The Model Context Protocol enhances LLMs by enabling them to go beyond generalized responses. An LLM using the MCP standard can call functions, fetch data, and perform actions by communicating with an external MCP server that exposes those capabilities. These include:
- Tools: Functions that the model can call (for example,
lookup_customer_by_email
). - Resources: Structured data a model can reference (for example, product catalog, user records).
- Prompt templates: Pre-written prompts the system can use to guide model behavior (for example,
Summarize this customer’s sentiment history
).

Figure 2 illustrates a typical MCP client and server exchange. The client first requests information about the server’s capabilities. The client then sends commands or queries, and the server processes these requests and responds accordingly. This enables seamless interaction between AI agents and external tools.

Now that you have a basic understanding of MCP, it's time to get hands-on. We will build an MCP server that connects to the Open-Meteo API to provide real-time weather data and forecasts. The Open-Meteo API is easy to configure with query parameters and doesn't require an API key, making it ideal for integrating with language models.
Prerequisites
To follow along, you will need the following:
- A code editor like Visual Studio Code (VS Code).
- A programming language to work with in VS Code. We’ll use Python for this example, but you could use another programming language like Node.js/TypeScript, Java, or Go.
uv
, a Rust-based Python package manager.
Download uv
For macOS via Homebrew:
brew install uv
For Windows via Winget:
winget install --id=astral-sh.uv -e
Refer to the uv documentation for full installation instructions.
Set up the Python development environment
To get started, open your code editor and navigate to the folder where you want to create your project. Then, follow these steps:
Create a new folder for your project called
mcp-server-weather
. You can do this directly in your code editor or by running the following command in the terminal:mkdir mcp-server-weather
Navigate to the folder you just created:
cd mcp-server-weather
Initiate a new
uv
project as follows:uv init
Create a virtual environment with
uv
:uv venv
Note: We created a virtual environment here to provide a clean, isolated space for working on our MCP server. This ensures dependencies don’t interfere with the global Python environment.
Start the virtual environment:
source .venv/bin/activate
Install the Python MCP SDK with the CLI extension and additional Python dependencies in the virtual environment:
uv add “mcp[cli]” httpx
Note: The mcp-cli
package requires Python 3.10 or later.
Building the weather MCP server
For your convenience, the complete code used throughout this blog is available in a single GitHub repository.

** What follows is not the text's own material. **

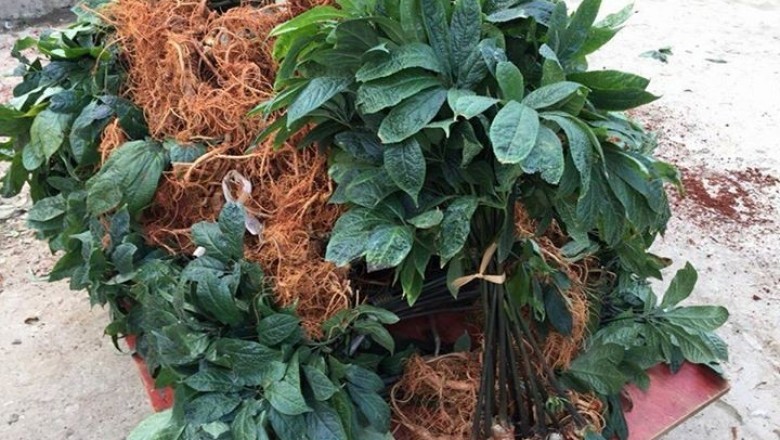 Cây dược liệu cây Tam thất - Panax pseudoginseng Wall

Feel free to explore, clone, or reference it as you follow along or build your own MCP projects.
Scaffold out our code
The following is the boilerplate code for the MCP server we will be using in this example. We will start by adding this scaffolding to our code:
import json
from typing import Any
import httpx
from mcp.server.fastmcp import FastMCP
#Initialize FastMCP server
mcp = FastMCP("weather")
### The rest of our code goes between here....
### ... and here.
if __name__ == "__main__":
#Initialize and run the server
mcp.run(transport='stdio')
This setup introduces strong typing for better code reliability, adds the httpx
client for making web requests, and includes the FastMCP
class to help us quickly build MCP servers. It also runs the MCP server over standard input/output (stdio
), which is the expected communication method for most MCP clients.

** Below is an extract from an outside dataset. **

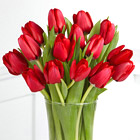 Red Carpet Ready Tulip Bouquet with Vase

Note: While running the MCP server over stdio works well for local development, production setups typically use HTTP to host the server remotely. This allows agents to connect over the network, making the system more scalable, flexible, and suitable for real-world applications.
Constants and helper functions
In this setup, constants are used to store fixed values that remain unchanged throughout the program. For example, OPENMETEO_API_BASE
holds the base URL for the Open-Meteo API and USER_AGENT
stores the user agent string. Defining them as constants makes your code easier to maintain because if you ever need to update these values, you only have to do it in one place.

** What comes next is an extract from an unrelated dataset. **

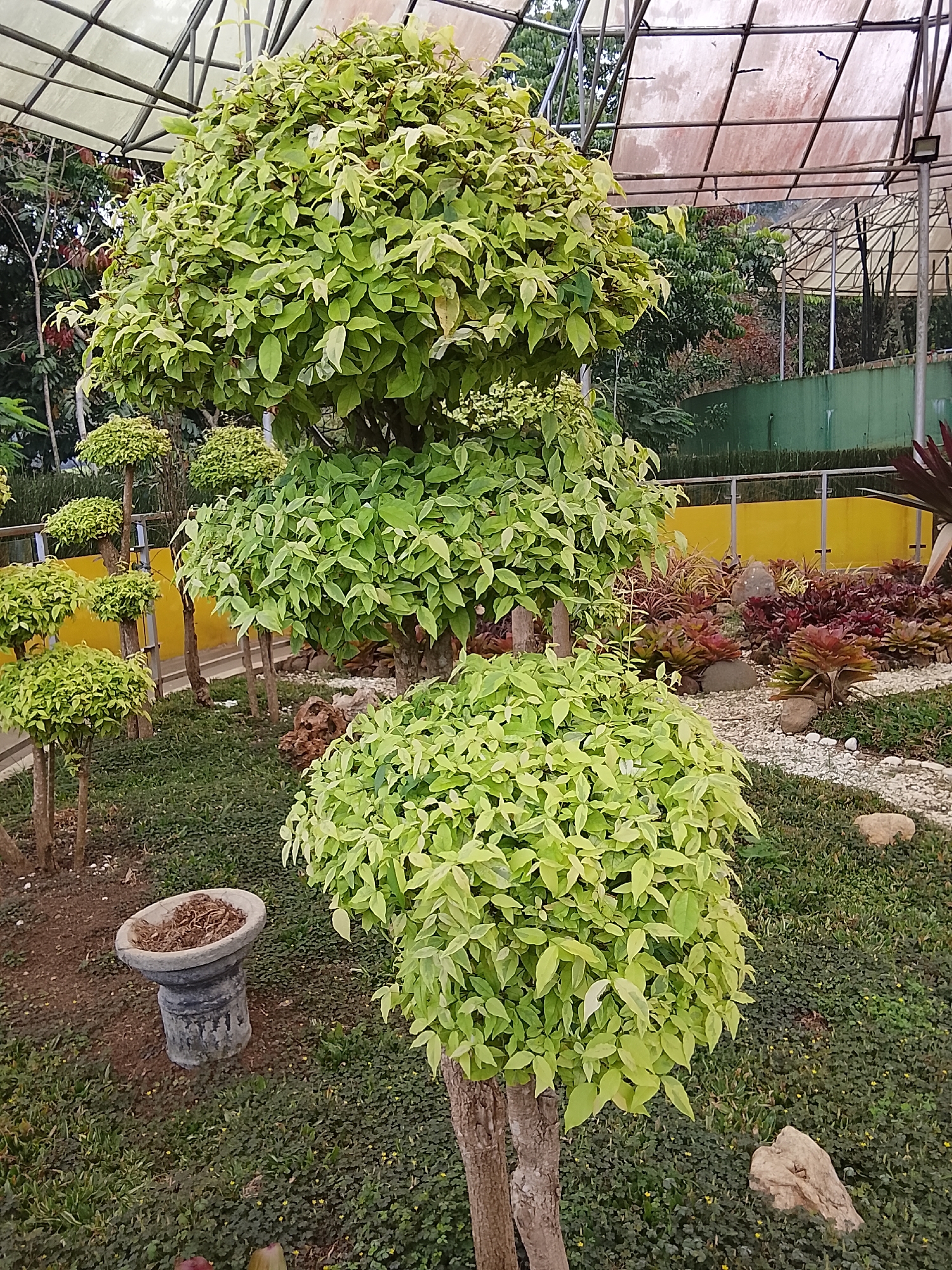 The image depicts a meticulously manicured garden area, likely part of a botanical garden or a well-maintained public space in Baturaden, Indonesia. The central focus is on several topiary-shaped plants with vibrant green and variegated foliage, arranged in a layered display. In the foreground, a small, weathered stone planter, containing dried leaves, sits amidst a bed of dense, low-lying green ground cover. To the right, a larger shrub with lighter green leaves stands out.
Behind these, a row of smaller, equally sculpted trees on slender trunks creates a sense of depth. Further into the background, a yellow wall or fence is visible, bordering a more diverse planting of reddish and purplish foliage, interspersed with smooth, light-colored stones. The entire scene is covered by a transparent or translucent greenhouse-like roof structure supported by a metal frame. The lighting suggests it is daytime, with natural light filtering through the roof and illuminating the plants. The environment appears dry and well-kept. No people are present in the image.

We also make use of helper functions, which are small, reusable functions that handle specific tasks. The make_openmeteo_request
function is a great example. It is responsible for sending API requests to Open-Meteo and managing any errors that might occur. By isolating this logic, the main code stays clean, readable, and focused on its core purpose.
Note: All the code examples from this point forward should be placed inside the section marked earlier as: The rest of our code goes between here...
and ...and here
. This is where the main logic of our MCP server will live, so make sure to insert the following code within that block.
Here is the code for the constants and helper functions we will use:
# Constants
OPENMETEO_API_BASE = "https://api.open-meteo.com/v1"
USER_AGENT = "weather-app/1.0"
# Helper function to make a request to the Open-Meteo API
async def make_openmeteo_request(url: str) -> dict[str, Any] | None:
"""Make a request to the Open-Meteo API with proper error handling."""
headers = {
"User-Agent": USER_AGENT,
"Accept": "application/json"
}
async with httpx.AsyncClient() as client:
try:
response = await client.get(url, headers=headers, timeout=30.0)
response.raise_for_status()
return response.json()
except Exception:
return None
Create a get_forecast tool
The Open-Weather API offers a /forecast
endpoint that lets you retrieve both current weather conditions and hourly forecasts for any location, simply by providing its latitude and longitude. You can also include optional parameters to customize the type and amount of weather data you want, making it a flexible tool for a variety of applications.
To enable the language model to automatically request data from the API and potentially allow the MCP server to act on that data, each API interaction is best exposed as a tool. This approach keeps the server modular and makes it easier for the LLM to trigger specific actions in a clear and structured way.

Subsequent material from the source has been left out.